De acuerdo con la definición de la FAO (que considera que una zona forestal es aquella que tiene al menos un 10% de su superficie cubierta por árboles), durante la última década del siglo XX hubo una pérdida neta anual de más de nueve millones de hectáreas en el mundo; una tasa de deforestación del 0.22% anual. Como resultado, hacia el año 2000 quedaban aún 3 869 millones de hectáreas de bosques, de los cuales el 1.43% se conservaba en México (Figura 2.6, FAO, 2001). Esta cifra alcanza el 2.59% si se incluyen solo bosques cerrados (un bosque cerrado tiene un 40% o más de su superficie cubierta por árboles). México es uno de los 15 países que, en su conjunto, preservan las cuatro quintas partes de la superficie de bosques cerrados del planeta (véase Los_bosques_cerrados), por lo que Naciones Unidas consideran prioritaria la conservación de los arbolados mexicanos (PNUMA-NASA-USGS, 2001)
A nivel mundial, la región de África es la que muestra mayores tasas de deforestación, seguida por América Latina y el Caribe (Figura 2.7). En esta última región, México es el undécimo país con mayor tasa de deforestación, sólo superado por naciones centroamericanas, algunas islas del Caribe y Ecuador.
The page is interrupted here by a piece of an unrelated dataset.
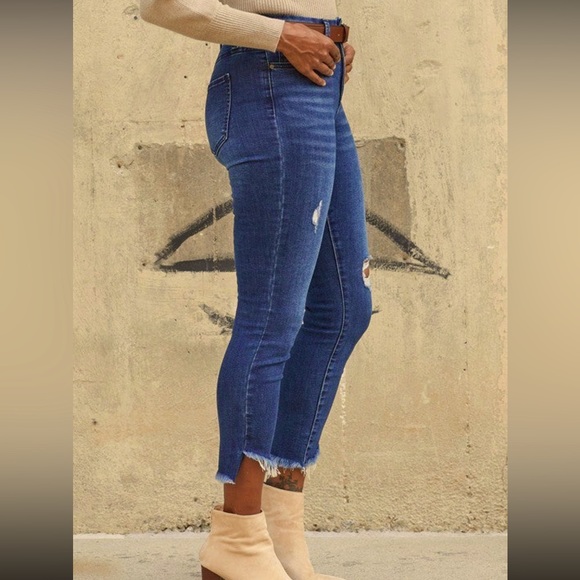 Curvy High Rise Ankle Jeans - Picture 2 of 8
En cuanto a la superficie deforestada, somos el quinto país en el mundo que más superficie forestal pierde al año y el único miembro de la OCDE donde los bosques se están reduciendo (Figura 2.8).

 

El tema de la deforestación en México se caracteriza por la gran disparidad en las estimaciones que diferentes fuentes arrojan sobre el particular. Tan sólo en la última década se han generado cifras que van desde 316 hasta 790 mil hectáreas al año (Figura 2.9, Cuadro III.5.3.10).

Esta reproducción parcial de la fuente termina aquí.